Why This Texas Bar Banned Mariah Carey's Hit Christmas Song

When it comes to the "war on Christmas," in terms of celebrating the holiday before December, Mariah Carey has made her position perfectly clear. That is, if it wasn't already.

On October 24, news reached the "All I Want For Christmas Is You" singer that Stoneleigh P, a long-running bar in Dallas, had instituted a ban on the classic holiday song. In a picture posted on Twitter, a note explained that the song will not be played before December and only once per night during that month. Otherwise, it will be skipped over. "Is this the war on Christmas I've heard about?" asked a fan.

Carey responded by tweeting a picture of herself from a 2015 advertisement for the mobile game Game of War. She stands in armor, ready to fight for Christmas and her streaming revenue. Then, on November 1, she tweeted a video of herself weilding a massive candy cane and smashing pumpkins that were emblazoned with the message "it's not time yet." 

Mariah Carey may have declared that Christmas has begun — but here's the Texas bar's reasoning for limiting her hit.

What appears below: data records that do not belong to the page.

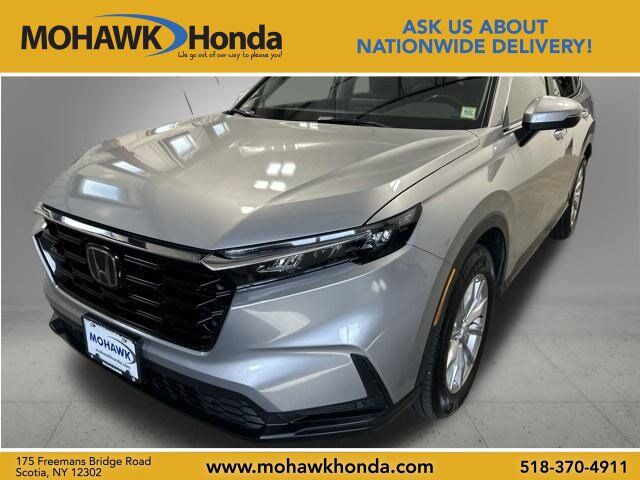 2023 Honda CR-V 1.5T AWD EX-L BD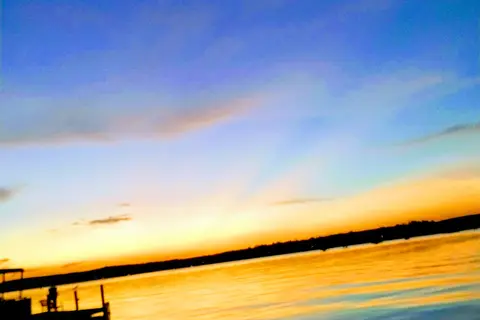 Gantt Lake RV Park and Rentals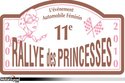Rallye des Princesses 2010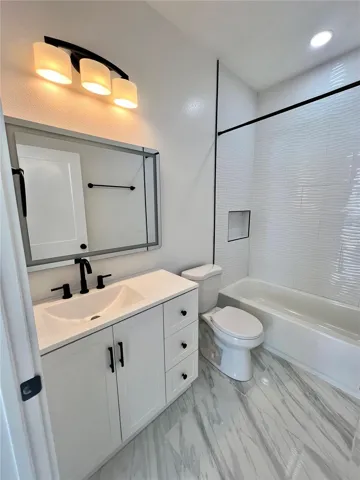 Second/ Guest Bathroom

One bar patron jokingly requests All I Want For Christmas Is You 'to annoy the staff'

When you learn more about the specific case, Stoneleigh P's ban perhaps becomes more reasonable.

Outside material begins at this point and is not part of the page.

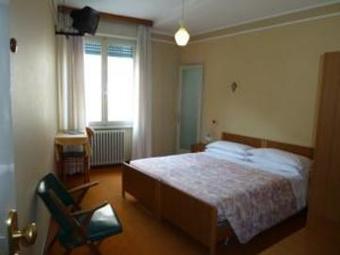 Hotel Eden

For one thing, as Art & Seek reports, the ban also includes "Frosty the Snowman" and "You Can't Rollerskate in a Buffalo Herd." These songs are apparently the ones that patron Larry Green chooses each time he visits the bar. The reason he does so, he laughs, is "to irritate the staff." In fact, he jokingly told the publication that "['All I Want For Christmas Is You' in particular] makes it about one bar in, and they know exactly what that sound is, and it's gone." It's an in-house joke. In fact, it's overzealous customers like Green that are the reason "All I Want For Christmas Is You" has a limit. "You know, you get alcohol and people that want to hear Christmas songs in September — that's a no-go," laughed Laura Garrison, the manager of the bar. 

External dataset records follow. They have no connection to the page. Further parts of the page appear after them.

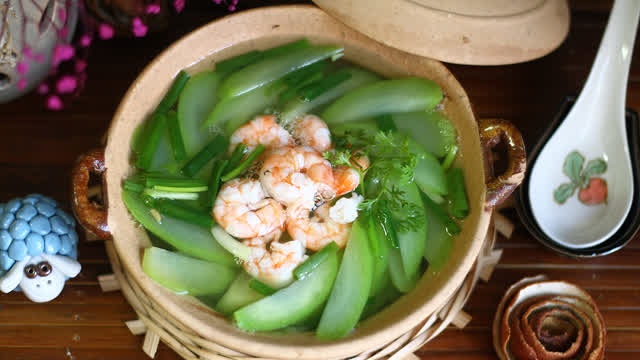 Khám Phá Những Món Ngon Mỗi Ngày Từ Các Vùng Miền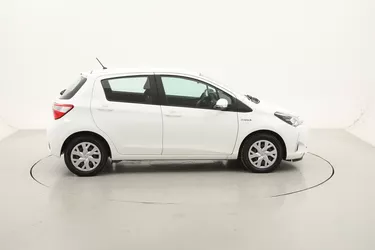 Toyota Yaris Hybrid Business 1.5 Full Hybrid 101CV Automatico Toyota Yaris Hybrid Business 1.5 Full Hybrid 101CV Automatico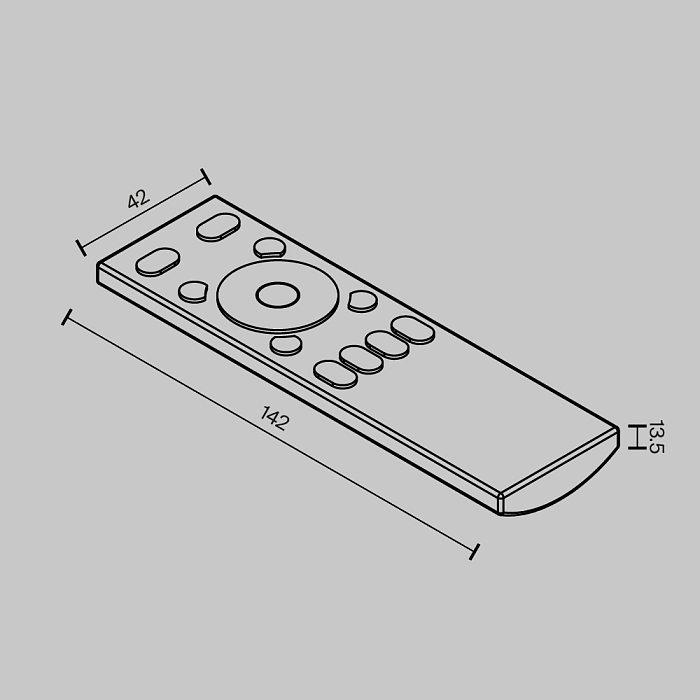 Lighting control 710102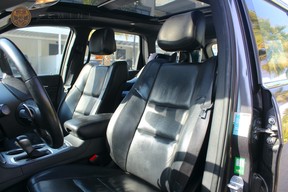 Jeep Grand Cherokee 2018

Despite riling up Carey and her fans, the fact that the song gets vetoed nearly every time only encourages the patrons more. "Actually, lots of people play it just to hear it skipped," Garrison revealed.

Another point worth making, though, is that trying to stop Christmas cheer from occurring before other fall holidays is less a war on Christmas than a futile defense. Last week, The New York Times wondered whether Christmas had started to take over Halloween. While that holiday is probably popular enough to remain distinct, it is worth noting that there are over 50 days between the two celebrations.